There are many factors that affect the grieving process. We have to slowly accept the reality of the death. Acceptance of death leads to a quick closure. Rearrangement of family responsibilities can be a factor in the grieving process. For example with the death of a father, the elder son may immediately assume the position of father in the family or the wife can immediately assume the position of bread winner.

The process of assuming these responsibilities while someone is still grieving affects the grieving process. It is however, assuming new responsibilities that can also increase the acceptance of the loss and adjusting to the new environment.

Depending on our religious and traditional orientations, it is also important to allow ourselves to mourn. Mourning refers to those culturally prescribed activities we do to show that we are bereaved. It is therefore, important that we go through the religious, cultural or traditional processes that make us accept the reality of the death. I will not go into these religious and traditional mourning practices. They differ with cultures and acceptance varies as well.

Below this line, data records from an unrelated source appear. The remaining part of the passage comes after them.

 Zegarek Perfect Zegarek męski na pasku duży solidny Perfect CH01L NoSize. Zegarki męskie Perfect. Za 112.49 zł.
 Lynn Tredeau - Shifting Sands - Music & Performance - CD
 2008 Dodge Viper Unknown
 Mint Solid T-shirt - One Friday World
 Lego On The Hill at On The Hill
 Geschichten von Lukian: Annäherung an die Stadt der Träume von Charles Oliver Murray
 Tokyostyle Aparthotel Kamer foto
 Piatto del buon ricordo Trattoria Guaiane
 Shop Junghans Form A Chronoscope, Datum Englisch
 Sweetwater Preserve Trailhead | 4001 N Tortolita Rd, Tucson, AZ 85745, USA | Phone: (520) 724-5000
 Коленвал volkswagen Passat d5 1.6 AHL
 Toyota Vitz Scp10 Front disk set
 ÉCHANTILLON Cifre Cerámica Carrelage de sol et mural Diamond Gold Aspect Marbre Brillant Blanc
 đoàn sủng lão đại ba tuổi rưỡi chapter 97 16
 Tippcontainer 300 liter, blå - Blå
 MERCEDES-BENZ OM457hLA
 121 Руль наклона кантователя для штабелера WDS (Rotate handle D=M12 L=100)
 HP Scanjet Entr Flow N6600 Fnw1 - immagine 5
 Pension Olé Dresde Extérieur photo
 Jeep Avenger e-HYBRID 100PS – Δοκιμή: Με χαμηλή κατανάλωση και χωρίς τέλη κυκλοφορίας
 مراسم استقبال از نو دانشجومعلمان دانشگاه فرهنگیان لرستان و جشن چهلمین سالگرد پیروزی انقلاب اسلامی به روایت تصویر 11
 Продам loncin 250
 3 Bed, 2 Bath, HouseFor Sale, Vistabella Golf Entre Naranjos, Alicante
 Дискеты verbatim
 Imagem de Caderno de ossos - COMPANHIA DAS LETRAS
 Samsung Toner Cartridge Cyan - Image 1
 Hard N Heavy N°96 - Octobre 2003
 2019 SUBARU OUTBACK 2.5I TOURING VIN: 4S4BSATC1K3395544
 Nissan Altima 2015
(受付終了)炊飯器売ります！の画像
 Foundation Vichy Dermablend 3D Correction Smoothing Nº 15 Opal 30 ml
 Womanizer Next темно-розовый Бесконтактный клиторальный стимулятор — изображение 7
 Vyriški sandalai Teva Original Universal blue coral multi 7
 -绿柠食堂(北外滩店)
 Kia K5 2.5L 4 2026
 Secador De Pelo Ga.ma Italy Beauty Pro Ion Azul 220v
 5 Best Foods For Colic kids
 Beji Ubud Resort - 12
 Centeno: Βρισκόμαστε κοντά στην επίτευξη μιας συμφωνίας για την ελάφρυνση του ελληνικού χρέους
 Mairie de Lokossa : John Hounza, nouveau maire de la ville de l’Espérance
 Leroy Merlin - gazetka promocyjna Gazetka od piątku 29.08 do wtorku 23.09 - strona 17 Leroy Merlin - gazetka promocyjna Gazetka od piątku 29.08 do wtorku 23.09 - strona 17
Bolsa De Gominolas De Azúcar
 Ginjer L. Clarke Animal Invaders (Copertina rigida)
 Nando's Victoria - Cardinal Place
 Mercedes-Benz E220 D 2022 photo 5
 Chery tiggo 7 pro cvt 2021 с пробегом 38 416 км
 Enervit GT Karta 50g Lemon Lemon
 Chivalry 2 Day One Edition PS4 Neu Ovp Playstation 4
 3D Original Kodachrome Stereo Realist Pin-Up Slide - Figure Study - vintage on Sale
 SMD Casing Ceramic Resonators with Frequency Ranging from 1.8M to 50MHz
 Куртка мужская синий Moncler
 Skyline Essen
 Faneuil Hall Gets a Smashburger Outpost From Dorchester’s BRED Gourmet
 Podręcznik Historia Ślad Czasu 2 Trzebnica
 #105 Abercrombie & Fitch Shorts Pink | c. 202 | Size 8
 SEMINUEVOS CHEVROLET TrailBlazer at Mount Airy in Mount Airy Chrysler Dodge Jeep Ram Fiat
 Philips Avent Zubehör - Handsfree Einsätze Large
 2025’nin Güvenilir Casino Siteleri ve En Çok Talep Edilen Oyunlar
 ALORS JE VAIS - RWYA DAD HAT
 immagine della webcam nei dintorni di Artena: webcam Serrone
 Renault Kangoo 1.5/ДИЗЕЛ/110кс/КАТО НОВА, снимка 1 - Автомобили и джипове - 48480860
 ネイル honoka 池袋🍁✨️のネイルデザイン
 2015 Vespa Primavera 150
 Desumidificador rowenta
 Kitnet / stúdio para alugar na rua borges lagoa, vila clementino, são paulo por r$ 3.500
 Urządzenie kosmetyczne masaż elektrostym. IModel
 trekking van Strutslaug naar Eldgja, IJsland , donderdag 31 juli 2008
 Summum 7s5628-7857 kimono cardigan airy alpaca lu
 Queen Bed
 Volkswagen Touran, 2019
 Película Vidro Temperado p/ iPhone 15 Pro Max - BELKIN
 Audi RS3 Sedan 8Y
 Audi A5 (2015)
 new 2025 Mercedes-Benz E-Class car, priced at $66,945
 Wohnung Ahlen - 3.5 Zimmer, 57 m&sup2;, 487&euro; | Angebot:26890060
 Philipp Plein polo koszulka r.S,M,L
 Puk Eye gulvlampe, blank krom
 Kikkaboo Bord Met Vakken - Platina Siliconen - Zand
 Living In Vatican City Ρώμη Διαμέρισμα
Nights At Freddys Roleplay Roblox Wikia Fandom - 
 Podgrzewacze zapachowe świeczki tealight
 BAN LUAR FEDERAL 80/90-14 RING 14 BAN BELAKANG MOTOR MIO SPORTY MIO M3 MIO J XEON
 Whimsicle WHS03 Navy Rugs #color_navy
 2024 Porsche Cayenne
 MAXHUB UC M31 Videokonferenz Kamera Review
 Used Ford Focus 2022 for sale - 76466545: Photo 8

We need to recreate the deceased in another form so that we can start a healthy connection with the departed person. We need to connect with the deceased in that form they are now in. Life has to go on, we need to move on with life and form new bounds and start investing in new relationships where                                                            necessary.

We need to put up that photograph of them on the wall and when we look at them we say “rest in eternal peace my hero (ine), you have run a good race.” If our mother leaves us is there anyone in the family or community who can be a surrogate mother? If our father departs, who can be surrogate father? We need to invest in new relationships.

I will digress slightly from parents. We have very young women who lose husbands prematurely. Family and society should allow them to remarry if they so wish. The men remarry even in old age. We need to learn to live in a new environment without the deceased.

At times we experience different feelings after the loss of parents. We are guilty at times. We feel we did not do enough for them to survive. We stress, maybe had we done this and that, the parent could have lived. We are bitter or angry in some cases when we suspect somebody caused the death of our parent directly or indirectly.

It is okay to feel the way we feel but feelings should be worked on and settled. We need to note that these feelings do not change what has happened. The worry doesn’t bring the departed back to life. The stress at this stage does not solve anything. Joe Barnnett (1993) said, “Worry is like a rocking chair, it will keep you busy but won’t get you anywhere”. In times of loss of a parent let us be consoled by St Augustine:

“God grant me the serenity to accept the things I cannot change, the courage to change the things I can and the wisdom to know the difference.”

They are gone and we cannot change that. They are gone because they are human, they are mortal, and they cannot be with us forever. Sooner or later our own children will be grieving when we are also gone, such is creation and it is called balancing the ecosystem in scientific terms.